A basketball player hits several baskets in a row. The announcer states that the player has a "hot hand" tonight, and that the other players on the team should get her the ball at every opportunity.

What do these situations have in common? In both cases it is possible that something interesting is going on. The water supply of the small town might be contaminated with a carcinogenic chemical. The basketball player might be experiencing an unusual conjunction of concentration and technique. It is also possible that we are simply observing variation arising naturally due to chance.

As Hume observed, people have a natural tendency to see patterns and make causal inferences from those patterns. The existence of constellations in the night sky is a testament to our ability to find patterns where none exist. In recent years cognitive psychologists have attempted to analyze the kinds of heuristic rules that people use in these settings.

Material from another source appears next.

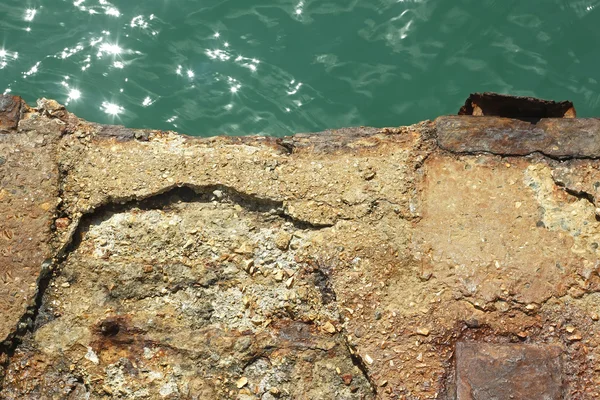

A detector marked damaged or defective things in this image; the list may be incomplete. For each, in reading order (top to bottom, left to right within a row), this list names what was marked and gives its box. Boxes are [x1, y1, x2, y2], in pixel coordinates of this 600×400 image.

cracked concrete [1, 95, 600, 398] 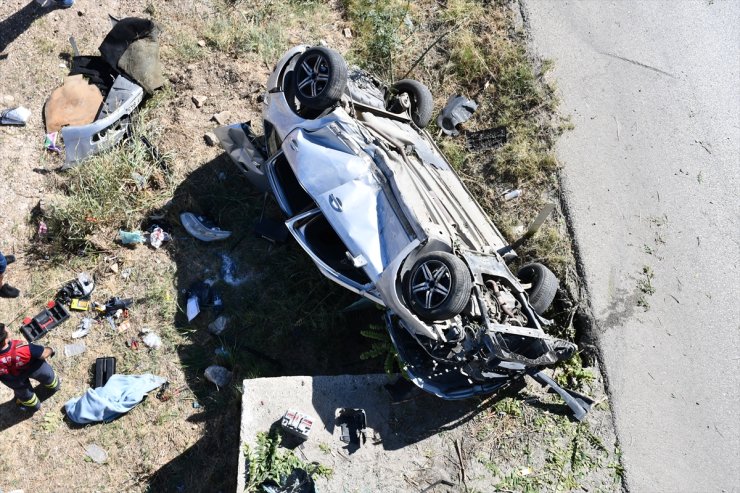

Those wishing to explore the literature might start with the following references:

Tversky, Amos , and Kahneman, Daniel  
     (1993),  Belief in the law of small numbers, A handbook for 
               data analysis in the behavioral sciences:
               Methodological issues, 341-349 

     (1982),  Judgment under uncertainty: Heuristics and biases
The "law of small numbers" refers to the tendency to expect that small samples will be typical or "representative" of the population from which they are taken. It is an expression of people's often false expectations, rather than a real law! Later we will meet the "law of large numbers", which in effect states that, under certain circumstances, statistics computed from large samples will accurately reflect the corresponding population values.

Suppose that I toss a coin 50 times. What do you think will be the longest run of identical outcomes? It is hard to solve this problem analytically, but easy to study by simulation. Enter the following function definition into your S session.

     CoinToss <- function(n) 
                 { 
                 # n is the number of coin tosses
                 rbinom(n,1,1/2) 
                 }
The function will generate a pseudo-random sequence of n 0's and 1's. If we associate 0 with Tails and 1 with Heads, then the function is generating a sequence of n coin-toss outcomes. Lines beginning with "#" are comments.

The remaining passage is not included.